_TASK DETAILS_: All that is needed is an exact copy of the lines from the beginning of the data below through the line containing "Dedovite Kashti Hotel", minus the pictures.

_RECORDS FOR THE TASK_:
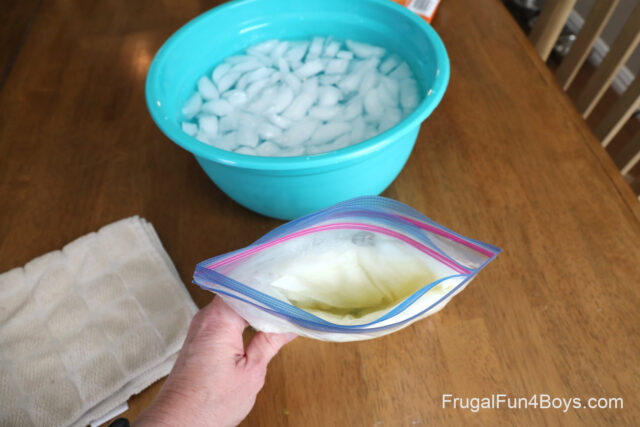 Amazing Ocean Science Experiments - Frugal Fun For Boys and Girls
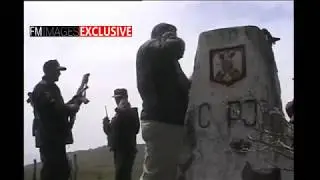 UÇK në Koshare: 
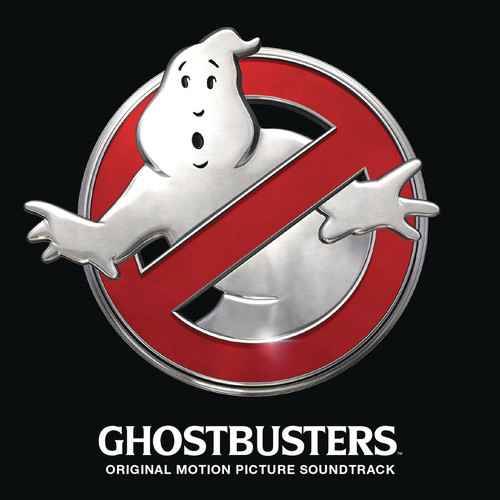 Various Artists Ghostbusters (Original Motion Picture Soundtrack) cover artwork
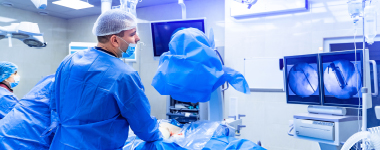 surgery room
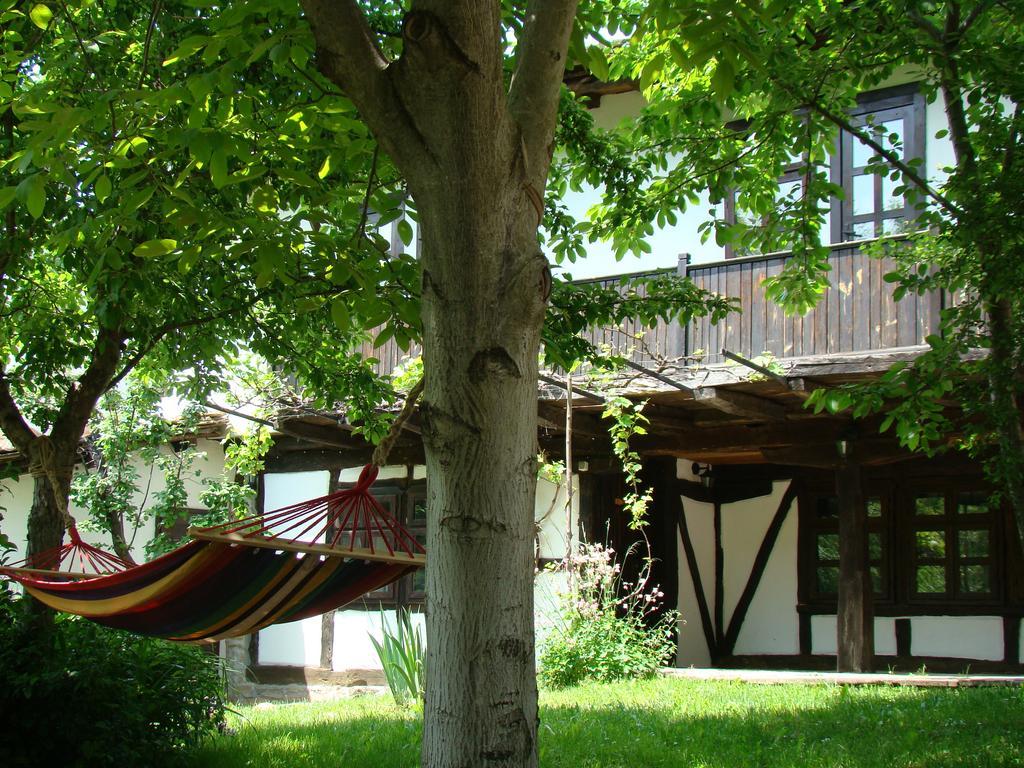Dedovite Kashti Hotel Stefanovo  Buitenkant foto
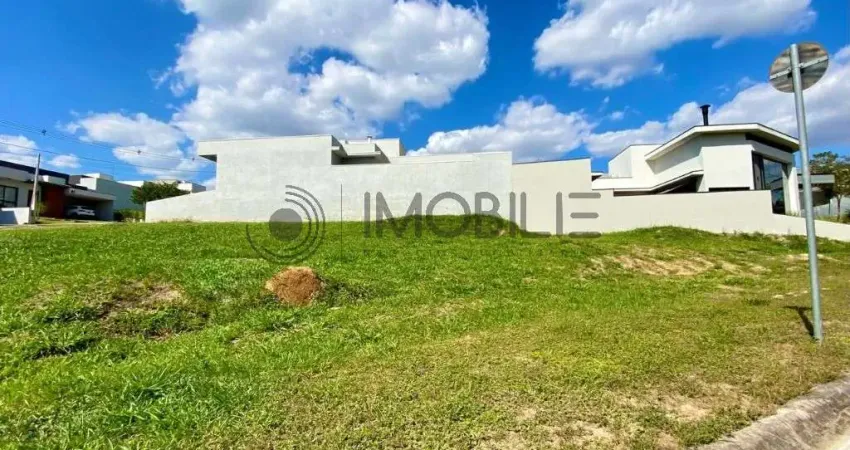 Terreno à venda no jardim laguna em indaiatuba com 380m², condomínio com lazer completo, segurança e ótima localização próxima ao parque ecológico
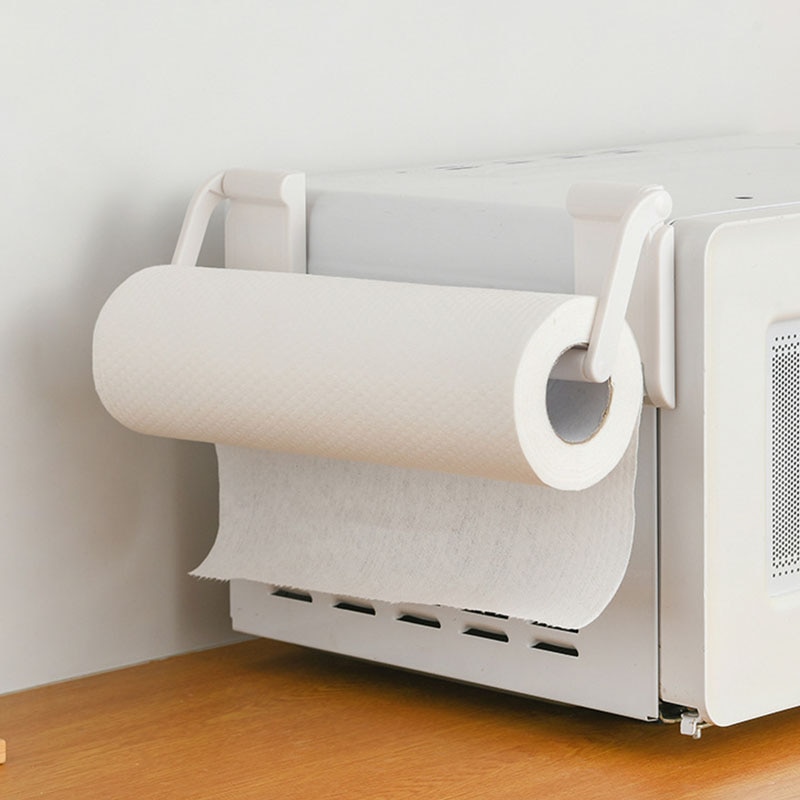 Adjustable Magnetic Paper Towel Holder Adjustable Magnetic Paper Towel Holder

_ANSWER SECTION_:
 Amazing Ocean Science Experiments - Frugal Fun For Boys and Girls
 UÇK në Koshare: 
 Various Artists Ghostbusters (Original Motion Picture Soundtrack) cover artwork
 surgery room
Dedovite Kashti Hotel Stefanovo  Buitenkant foto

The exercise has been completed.